Exercise description: All lines from the one with "Imagine atasata: Openville" through the close of the records below are to be set down exactly, and no others.

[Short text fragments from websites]
=-=-=-=-=
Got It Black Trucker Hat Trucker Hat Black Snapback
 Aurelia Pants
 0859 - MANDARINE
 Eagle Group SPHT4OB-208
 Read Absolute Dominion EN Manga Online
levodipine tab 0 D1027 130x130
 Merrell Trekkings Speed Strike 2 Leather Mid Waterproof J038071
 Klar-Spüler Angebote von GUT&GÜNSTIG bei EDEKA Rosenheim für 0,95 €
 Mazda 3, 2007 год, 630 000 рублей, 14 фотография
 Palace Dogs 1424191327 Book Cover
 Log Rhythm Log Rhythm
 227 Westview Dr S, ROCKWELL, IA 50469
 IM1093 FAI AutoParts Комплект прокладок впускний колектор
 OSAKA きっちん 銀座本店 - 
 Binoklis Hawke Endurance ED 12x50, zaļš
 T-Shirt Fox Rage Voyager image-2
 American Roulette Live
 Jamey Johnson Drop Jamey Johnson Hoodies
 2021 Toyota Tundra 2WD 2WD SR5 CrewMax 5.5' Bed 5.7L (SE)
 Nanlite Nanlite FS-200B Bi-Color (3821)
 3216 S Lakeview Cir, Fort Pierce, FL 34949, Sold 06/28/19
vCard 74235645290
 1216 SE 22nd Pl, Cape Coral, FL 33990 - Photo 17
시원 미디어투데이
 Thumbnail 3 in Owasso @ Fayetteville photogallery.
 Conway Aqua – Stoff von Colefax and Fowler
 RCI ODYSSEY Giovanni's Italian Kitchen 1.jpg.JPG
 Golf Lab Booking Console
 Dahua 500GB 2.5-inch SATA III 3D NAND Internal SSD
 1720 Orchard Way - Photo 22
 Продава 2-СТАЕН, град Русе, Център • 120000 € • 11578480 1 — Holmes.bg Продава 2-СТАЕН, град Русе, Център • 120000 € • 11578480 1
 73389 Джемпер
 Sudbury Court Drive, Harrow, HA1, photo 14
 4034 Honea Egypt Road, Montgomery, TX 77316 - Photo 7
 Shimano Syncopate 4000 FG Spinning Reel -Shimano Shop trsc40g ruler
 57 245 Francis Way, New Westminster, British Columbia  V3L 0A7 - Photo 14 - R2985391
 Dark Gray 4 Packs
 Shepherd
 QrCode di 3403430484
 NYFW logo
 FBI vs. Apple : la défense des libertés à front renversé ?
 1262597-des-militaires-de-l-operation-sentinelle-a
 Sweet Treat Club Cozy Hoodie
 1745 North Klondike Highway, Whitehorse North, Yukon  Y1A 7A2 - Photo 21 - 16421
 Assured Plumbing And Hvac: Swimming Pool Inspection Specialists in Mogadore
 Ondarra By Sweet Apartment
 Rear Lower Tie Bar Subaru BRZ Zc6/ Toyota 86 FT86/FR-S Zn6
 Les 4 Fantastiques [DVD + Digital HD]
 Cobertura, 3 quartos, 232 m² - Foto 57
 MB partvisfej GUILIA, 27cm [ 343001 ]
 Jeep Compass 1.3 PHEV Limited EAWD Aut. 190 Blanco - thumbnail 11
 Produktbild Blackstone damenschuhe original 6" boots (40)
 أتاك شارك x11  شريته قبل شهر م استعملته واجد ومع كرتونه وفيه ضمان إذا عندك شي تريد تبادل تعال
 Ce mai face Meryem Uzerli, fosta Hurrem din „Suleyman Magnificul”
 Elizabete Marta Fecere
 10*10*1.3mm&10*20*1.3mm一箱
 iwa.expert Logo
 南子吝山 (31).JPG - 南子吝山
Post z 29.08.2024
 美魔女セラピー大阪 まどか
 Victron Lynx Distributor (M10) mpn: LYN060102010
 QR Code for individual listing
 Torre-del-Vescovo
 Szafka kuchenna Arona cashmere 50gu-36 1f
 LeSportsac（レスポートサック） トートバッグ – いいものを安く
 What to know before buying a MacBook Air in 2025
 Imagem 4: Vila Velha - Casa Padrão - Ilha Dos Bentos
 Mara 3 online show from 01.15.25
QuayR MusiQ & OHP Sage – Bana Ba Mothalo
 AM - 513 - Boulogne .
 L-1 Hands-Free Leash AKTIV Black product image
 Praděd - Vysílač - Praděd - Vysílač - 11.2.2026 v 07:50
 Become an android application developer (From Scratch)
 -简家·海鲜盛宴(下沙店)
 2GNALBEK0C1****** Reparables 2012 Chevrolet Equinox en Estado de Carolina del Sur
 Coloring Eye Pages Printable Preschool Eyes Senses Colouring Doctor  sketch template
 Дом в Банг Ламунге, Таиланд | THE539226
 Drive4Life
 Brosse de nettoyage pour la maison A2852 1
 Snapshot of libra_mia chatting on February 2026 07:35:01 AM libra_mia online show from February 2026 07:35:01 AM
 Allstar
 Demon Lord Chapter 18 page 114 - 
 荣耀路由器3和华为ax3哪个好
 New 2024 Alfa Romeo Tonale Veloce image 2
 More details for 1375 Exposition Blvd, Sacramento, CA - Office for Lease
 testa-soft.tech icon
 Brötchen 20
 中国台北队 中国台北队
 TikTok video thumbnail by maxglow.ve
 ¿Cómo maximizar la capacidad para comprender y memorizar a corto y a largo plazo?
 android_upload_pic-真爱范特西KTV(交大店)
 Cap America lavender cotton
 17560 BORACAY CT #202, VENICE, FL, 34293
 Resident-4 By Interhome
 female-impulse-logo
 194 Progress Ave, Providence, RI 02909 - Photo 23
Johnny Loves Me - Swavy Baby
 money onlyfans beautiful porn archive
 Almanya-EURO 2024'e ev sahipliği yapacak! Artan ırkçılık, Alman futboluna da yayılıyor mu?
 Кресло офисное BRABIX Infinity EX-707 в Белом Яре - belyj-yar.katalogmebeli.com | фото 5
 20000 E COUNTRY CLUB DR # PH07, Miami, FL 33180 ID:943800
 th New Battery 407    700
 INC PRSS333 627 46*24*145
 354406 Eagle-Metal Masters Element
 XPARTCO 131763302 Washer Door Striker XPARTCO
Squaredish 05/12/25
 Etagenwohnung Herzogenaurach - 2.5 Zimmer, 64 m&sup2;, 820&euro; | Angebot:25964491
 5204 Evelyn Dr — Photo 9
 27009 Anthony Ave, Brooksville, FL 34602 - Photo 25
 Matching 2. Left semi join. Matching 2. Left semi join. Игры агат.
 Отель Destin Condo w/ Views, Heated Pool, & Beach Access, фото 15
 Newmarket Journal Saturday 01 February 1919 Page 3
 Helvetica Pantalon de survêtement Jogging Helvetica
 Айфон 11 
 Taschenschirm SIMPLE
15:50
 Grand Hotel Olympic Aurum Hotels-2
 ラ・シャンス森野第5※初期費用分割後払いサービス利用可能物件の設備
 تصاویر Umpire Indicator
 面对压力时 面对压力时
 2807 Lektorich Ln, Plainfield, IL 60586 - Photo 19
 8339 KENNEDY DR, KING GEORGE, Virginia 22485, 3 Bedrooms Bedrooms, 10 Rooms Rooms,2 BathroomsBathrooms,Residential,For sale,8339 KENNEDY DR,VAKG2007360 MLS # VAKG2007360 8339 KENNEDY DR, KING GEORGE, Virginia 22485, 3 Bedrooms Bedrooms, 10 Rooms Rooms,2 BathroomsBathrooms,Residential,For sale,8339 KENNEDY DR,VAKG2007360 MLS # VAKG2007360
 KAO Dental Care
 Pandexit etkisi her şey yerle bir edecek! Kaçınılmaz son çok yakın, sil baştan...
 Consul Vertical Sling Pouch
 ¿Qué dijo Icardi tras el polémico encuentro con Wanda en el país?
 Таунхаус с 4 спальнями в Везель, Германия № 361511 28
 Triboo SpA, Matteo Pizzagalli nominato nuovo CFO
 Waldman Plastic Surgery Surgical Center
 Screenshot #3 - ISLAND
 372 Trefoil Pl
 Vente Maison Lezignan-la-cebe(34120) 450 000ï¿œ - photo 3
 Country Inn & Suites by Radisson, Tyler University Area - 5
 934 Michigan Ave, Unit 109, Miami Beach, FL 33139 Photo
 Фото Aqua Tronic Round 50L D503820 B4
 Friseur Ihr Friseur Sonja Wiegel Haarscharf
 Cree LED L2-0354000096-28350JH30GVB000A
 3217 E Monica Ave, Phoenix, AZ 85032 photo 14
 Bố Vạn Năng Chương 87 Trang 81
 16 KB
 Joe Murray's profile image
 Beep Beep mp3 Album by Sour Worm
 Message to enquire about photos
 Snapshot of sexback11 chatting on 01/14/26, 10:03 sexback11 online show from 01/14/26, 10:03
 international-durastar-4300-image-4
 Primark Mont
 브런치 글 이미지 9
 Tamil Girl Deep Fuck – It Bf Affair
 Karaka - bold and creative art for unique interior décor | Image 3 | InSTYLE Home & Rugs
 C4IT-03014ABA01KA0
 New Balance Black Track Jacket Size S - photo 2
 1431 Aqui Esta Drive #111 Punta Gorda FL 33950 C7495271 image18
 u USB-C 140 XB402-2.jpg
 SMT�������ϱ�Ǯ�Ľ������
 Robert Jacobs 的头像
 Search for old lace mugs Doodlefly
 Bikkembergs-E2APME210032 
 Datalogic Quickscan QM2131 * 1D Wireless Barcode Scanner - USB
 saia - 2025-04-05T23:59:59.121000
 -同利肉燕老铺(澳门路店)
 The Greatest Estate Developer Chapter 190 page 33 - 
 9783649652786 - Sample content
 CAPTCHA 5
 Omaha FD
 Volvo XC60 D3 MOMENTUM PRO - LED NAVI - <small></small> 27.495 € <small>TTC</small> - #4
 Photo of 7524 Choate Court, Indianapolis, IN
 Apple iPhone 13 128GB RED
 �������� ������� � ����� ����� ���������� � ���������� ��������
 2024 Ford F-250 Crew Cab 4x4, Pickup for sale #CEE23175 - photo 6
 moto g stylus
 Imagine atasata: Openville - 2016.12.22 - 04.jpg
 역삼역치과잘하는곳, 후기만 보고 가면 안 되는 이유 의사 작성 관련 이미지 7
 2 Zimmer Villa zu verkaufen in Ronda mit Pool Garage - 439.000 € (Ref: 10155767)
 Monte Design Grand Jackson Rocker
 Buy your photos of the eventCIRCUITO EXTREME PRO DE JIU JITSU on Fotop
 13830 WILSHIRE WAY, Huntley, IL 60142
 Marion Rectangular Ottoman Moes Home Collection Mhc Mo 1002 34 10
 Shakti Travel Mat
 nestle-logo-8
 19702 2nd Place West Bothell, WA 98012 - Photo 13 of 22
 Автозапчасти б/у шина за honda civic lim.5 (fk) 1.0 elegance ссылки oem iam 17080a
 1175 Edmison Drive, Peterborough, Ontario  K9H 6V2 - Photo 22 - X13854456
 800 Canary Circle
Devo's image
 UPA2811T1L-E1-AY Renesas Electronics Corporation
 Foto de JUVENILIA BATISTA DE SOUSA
=-=-=-=-=
Problem solution:
 Imagine atasata: Openville - 2016.12.22 - 04.jpg
 역삼역치과잘하는곳, 후기만 보고 가면 안 되는 이유 의사 작성 관련 이미지 7
 2 Zimmer Villa zu verkaufen in Ronda mit Pool Garage - 439.000 € (Ref: 10155767)
 Monte Design Grand Jackson Rocker
 Buy your photos of the eventCIRCUITO EXTREME PRO DE JIU JITSU on Fotop
 13830 WILSHIRE WAY, Huntley, IL 60142
 Marion Rectangular Ottoman Moes Home Collection Mhc Mo 1002 34 10
 Shakti Travel Mat
 nestle-logo-8
 19702 2nd Place West Bothell, WA 98012 - Photo 13 of 22
 Автозапчасти б/у шина за honda civic lim.5 (fk) 1.0 elegance ссылки oem iam 17080a
 1175 Edmison Drive, Peterborough, Ontario  K9H 6V2 - Photo 22 - X13854456
 800 Canary Circle
Devo's image
 UPA2811T1L-E1-AY Renesas Electronics Corporation
 Foto de JUVENILIA BATISTA DE SOUSA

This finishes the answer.